What seems to have been useful in the transition to UTF-8: fixing support for various Alt+ input sequences (with and without numlock, on numpad and the main keyboard), diagnostic mode which prints the keyboard events received (Alt+I in Rterm), testing with different terminals (cmd.exe, PowerShell, Windows Terminal, mintty, Linux terminal and ssh). More work will be needed to make surrogate pairs work reliably and then possibly the Unicode sequences.

It may be that switching applications to UTF-8 which already used conPTY would have been easier, but I don’t have an experience with that to comment. It may be that updating Rterm to use conPTY and ANSI escape sequence API on input will be useful in the future.

Case changing

It turns out that UCRT functions for case changing, towlower and towupper, do not work with some non-English characters, such as German U+F6, U+D6, which are multi-byte in UTF-8. This worked with MSVCRT.

R has its own replacement functions for case-changing, which had to be selected also on Windows. Otherwise, one might probably use ICU.


Several additional issues were found in the GraphApp library. A customized version is part of R and is used for graphical user interface on Windows. It heavily uses Windows API and UTF-16LE interface, so this was a bit surprising to be impacted.

But, there is special mode of operation used when running in a multi-byte locale, which has been missing some features and hasn’t apparently been much used in the past. This changed with switching to UTF-8, when users previously running in a single-byte locale ended up using the other code path. As very R specific, these issues may be best covered in another post in more detail.


It is known that std::regex, a C++ interface to regular expressions, is not reliable with multi-byte encodings, and this has been the case on other platforms. With the switch to UTF-8, some R packages using C++ have ran into this problem also on Windows.


The experience with R seems to suggest that transitioning a large project to UCRT/UTF-8 on Windows is possible. The changes that had to be made to the code were not large. Some time has been needed to debug the issues, and hopefully this list will help others to save some of theirs.

It was surprisingly harder to make Windows-specific code work rather than plain C code using the standard C library (but code aware of that the current encoding may be multi-byte).

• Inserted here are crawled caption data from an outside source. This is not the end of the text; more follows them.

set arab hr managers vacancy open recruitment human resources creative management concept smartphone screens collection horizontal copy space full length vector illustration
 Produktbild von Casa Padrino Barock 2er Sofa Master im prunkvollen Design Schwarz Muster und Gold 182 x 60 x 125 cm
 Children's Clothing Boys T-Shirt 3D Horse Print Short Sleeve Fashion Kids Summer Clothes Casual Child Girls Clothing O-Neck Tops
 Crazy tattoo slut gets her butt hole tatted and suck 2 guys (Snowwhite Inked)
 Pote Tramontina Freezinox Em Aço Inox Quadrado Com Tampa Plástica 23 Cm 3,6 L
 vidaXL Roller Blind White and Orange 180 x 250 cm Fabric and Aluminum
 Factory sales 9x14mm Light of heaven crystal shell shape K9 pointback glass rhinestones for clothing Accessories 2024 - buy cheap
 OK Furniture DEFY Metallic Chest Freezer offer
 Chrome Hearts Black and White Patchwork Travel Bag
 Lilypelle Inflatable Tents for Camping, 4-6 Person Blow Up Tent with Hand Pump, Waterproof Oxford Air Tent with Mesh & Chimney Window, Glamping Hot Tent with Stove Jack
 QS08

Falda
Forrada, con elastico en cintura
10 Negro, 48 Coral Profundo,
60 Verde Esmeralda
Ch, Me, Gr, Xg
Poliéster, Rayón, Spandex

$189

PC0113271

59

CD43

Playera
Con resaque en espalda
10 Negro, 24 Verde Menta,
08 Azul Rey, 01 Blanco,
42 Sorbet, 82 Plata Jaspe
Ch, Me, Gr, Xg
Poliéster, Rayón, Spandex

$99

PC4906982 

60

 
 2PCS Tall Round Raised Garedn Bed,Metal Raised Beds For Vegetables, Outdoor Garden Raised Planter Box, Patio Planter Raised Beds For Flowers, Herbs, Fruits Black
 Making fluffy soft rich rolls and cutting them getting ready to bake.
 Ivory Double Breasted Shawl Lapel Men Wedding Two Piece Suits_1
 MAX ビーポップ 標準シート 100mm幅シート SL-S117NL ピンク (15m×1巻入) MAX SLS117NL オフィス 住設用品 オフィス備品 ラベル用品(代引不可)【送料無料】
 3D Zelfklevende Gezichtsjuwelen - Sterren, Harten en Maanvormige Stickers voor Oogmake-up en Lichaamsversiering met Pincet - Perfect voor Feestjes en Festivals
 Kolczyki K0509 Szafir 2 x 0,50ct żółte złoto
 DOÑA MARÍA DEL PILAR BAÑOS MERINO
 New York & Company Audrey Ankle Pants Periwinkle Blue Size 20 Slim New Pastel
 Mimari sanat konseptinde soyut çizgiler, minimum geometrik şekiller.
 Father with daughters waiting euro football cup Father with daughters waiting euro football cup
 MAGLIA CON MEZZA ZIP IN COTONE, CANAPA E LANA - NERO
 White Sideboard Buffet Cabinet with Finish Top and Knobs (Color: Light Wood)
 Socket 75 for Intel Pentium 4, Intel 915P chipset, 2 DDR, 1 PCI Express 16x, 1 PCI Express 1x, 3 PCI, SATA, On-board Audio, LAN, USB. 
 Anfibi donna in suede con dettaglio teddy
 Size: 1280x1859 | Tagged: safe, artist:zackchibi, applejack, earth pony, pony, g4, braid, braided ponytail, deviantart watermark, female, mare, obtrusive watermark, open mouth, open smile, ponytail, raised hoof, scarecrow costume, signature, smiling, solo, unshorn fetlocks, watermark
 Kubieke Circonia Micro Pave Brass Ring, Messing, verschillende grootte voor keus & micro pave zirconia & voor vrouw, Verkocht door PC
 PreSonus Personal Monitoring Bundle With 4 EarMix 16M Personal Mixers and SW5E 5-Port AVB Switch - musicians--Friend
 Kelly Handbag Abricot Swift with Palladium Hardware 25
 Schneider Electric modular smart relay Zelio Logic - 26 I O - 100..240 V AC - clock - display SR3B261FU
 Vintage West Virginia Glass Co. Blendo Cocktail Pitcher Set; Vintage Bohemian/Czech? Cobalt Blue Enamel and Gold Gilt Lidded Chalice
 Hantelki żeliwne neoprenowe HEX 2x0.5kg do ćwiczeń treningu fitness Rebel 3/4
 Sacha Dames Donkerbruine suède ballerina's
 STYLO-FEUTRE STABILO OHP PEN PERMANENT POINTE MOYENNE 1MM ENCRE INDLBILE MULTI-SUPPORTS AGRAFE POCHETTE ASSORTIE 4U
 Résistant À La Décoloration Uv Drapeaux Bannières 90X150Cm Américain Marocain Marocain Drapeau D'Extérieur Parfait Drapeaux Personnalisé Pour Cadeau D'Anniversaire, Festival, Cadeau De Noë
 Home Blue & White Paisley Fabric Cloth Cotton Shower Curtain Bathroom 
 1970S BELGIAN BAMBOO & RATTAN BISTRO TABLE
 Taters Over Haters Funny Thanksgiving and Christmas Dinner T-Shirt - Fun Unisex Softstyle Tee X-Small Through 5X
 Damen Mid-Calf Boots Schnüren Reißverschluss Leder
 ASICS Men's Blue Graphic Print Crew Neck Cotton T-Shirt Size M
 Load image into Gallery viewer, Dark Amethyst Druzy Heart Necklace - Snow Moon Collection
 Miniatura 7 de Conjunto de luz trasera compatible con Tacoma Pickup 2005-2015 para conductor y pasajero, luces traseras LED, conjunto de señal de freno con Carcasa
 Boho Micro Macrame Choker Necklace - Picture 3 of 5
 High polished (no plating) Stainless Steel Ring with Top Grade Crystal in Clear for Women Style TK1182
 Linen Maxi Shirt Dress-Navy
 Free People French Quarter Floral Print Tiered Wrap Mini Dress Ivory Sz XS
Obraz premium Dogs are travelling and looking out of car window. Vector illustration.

It is good to know there are “two current encodings”, the C runtime but also the active code page, and one needs to decide how to deal about those. R requires that both are the same (and UTF-8), for the price old Windows systems won’t be supported.

Some Windows functionality works with encoding specified indirectly via the current locale, which cannot be UTF-8. This requires special handling and work-arounds. We have run into such issues with fonts, clipboard and RichEdit.

The console support for Unicode via UTF-8 may require some effort, code using legacy Windows API may have to be rewritten.

The obvious part: this may wake up issues not seen before. Characters previously single byte on systems running Latin languages will sometime be multi-byte.

And, all code should be recompiled for UCRT.